◆ **DATA TO EXAMINE**

= Beginning of Section =

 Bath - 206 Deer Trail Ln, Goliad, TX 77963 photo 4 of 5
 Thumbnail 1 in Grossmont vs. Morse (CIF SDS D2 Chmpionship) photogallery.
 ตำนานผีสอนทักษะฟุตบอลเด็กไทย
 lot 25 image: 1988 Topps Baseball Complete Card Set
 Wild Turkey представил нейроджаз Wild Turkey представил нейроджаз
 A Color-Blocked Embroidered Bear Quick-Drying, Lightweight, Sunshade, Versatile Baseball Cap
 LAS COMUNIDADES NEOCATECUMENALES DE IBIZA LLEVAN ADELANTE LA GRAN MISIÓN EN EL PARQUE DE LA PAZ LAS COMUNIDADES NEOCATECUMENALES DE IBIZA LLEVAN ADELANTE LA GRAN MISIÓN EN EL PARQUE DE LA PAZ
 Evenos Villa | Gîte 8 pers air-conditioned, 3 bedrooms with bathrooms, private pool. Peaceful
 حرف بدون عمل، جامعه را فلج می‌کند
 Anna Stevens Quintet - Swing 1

= End of Section =
= Beginning of Section =

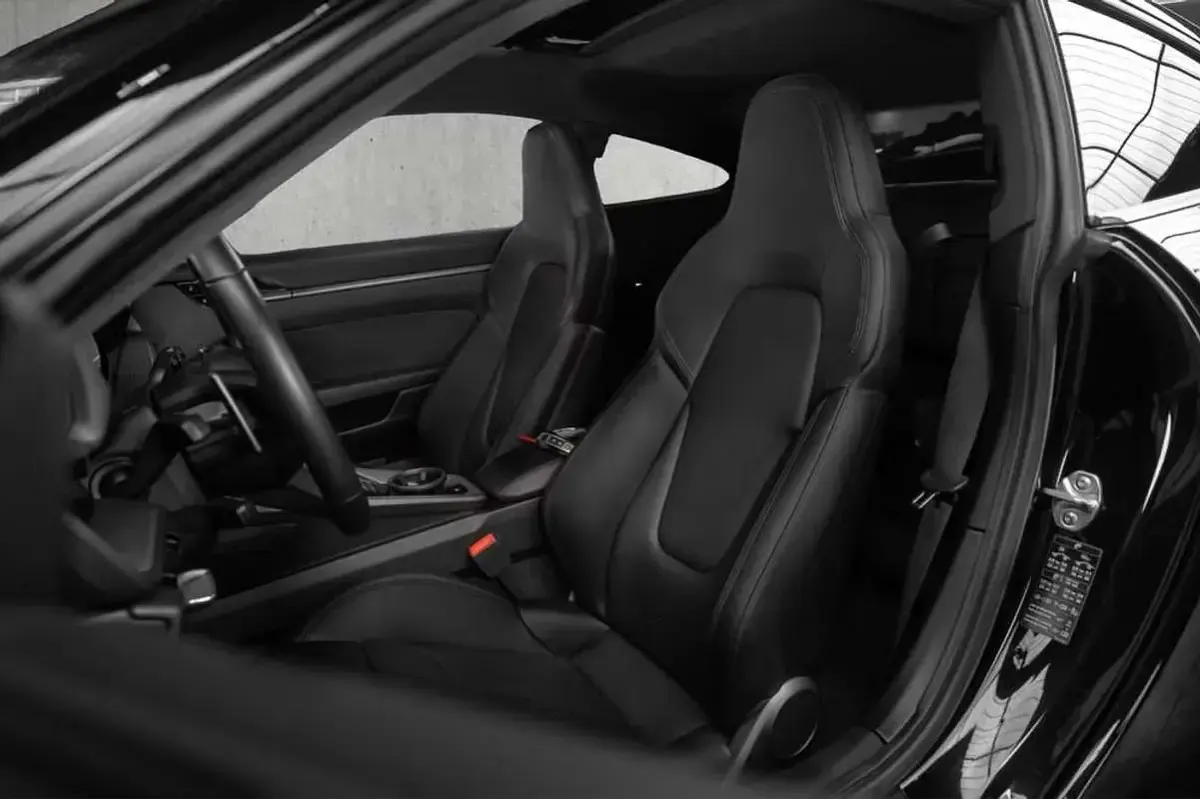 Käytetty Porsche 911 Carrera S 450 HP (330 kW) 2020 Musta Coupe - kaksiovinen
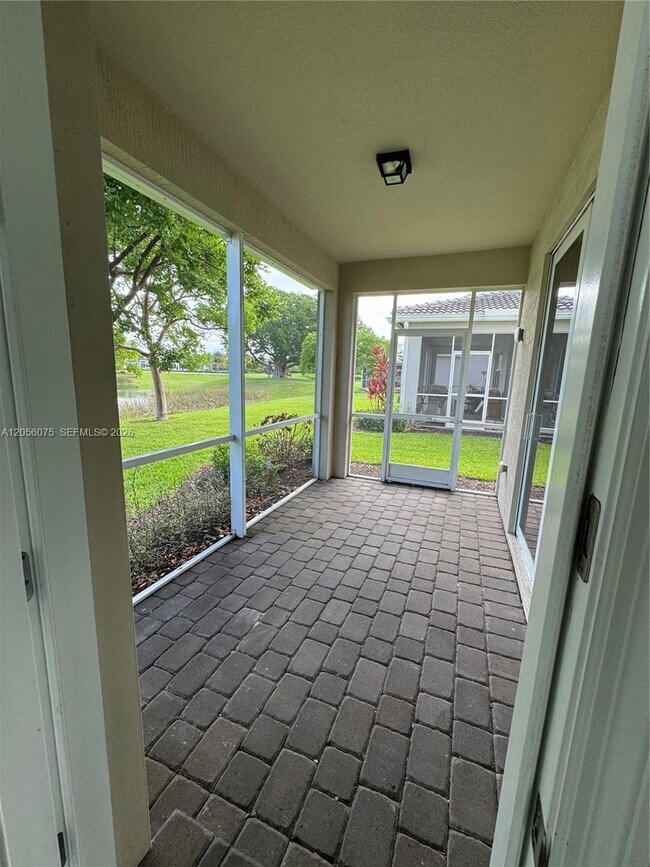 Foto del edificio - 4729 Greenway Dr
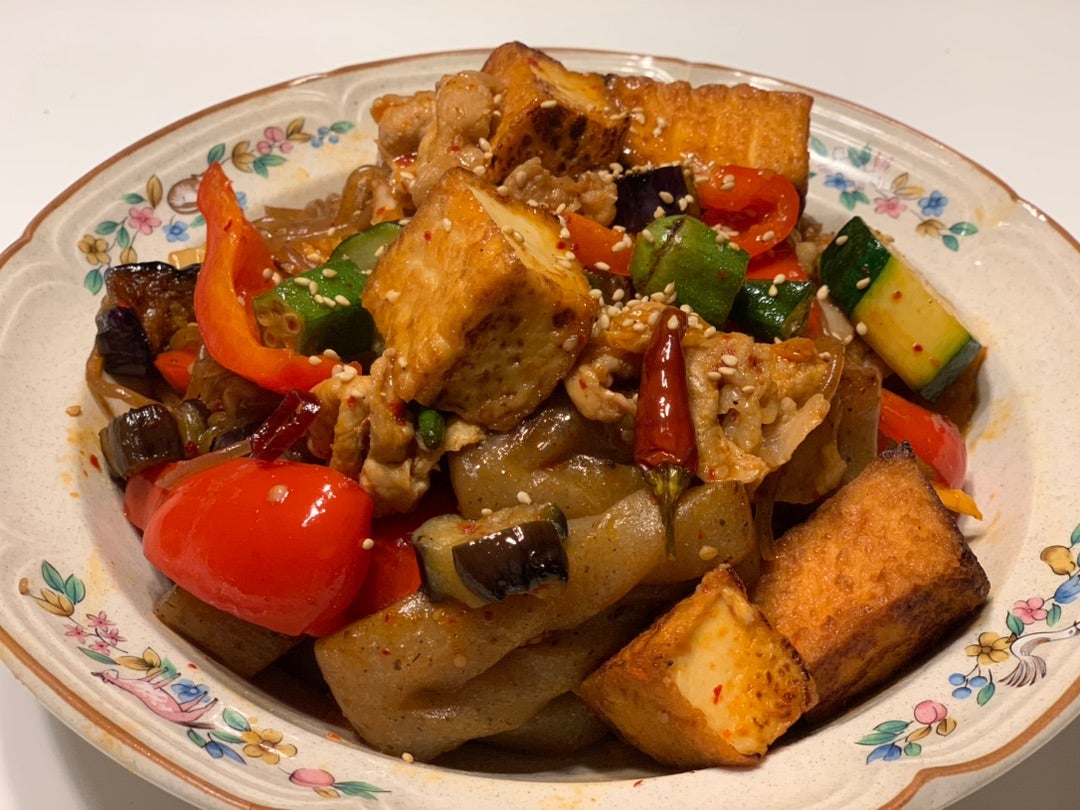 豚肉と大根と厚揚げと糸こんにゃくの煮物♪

= End of Section =

◆ **WHAT THIS TASK INVOLVES**
Please write out, exactly as they appear above, only the lines in the stretch from the line with "Bath - 206 Deer" through the line with "Wild Turkey представил нейроджаз Wild".

◆ **SOLUTION TO THIS EXERCISE**
 Bath - 206 Deer Trail Ln, Goliad, TX 77963 photo 4 of 5
 Thumbnail 1 in Grossmont vs. Morse (CIF SDS D2 Chmpionship) photogallery.
 ตำนานผีสอนทักษะฟุตบอลเด็กไทย
 lot 25 image: 1988 Topps Baseball Complete Card Set
 Wild Turkey представил нейроджаз Wild Turkey представил нейроджаз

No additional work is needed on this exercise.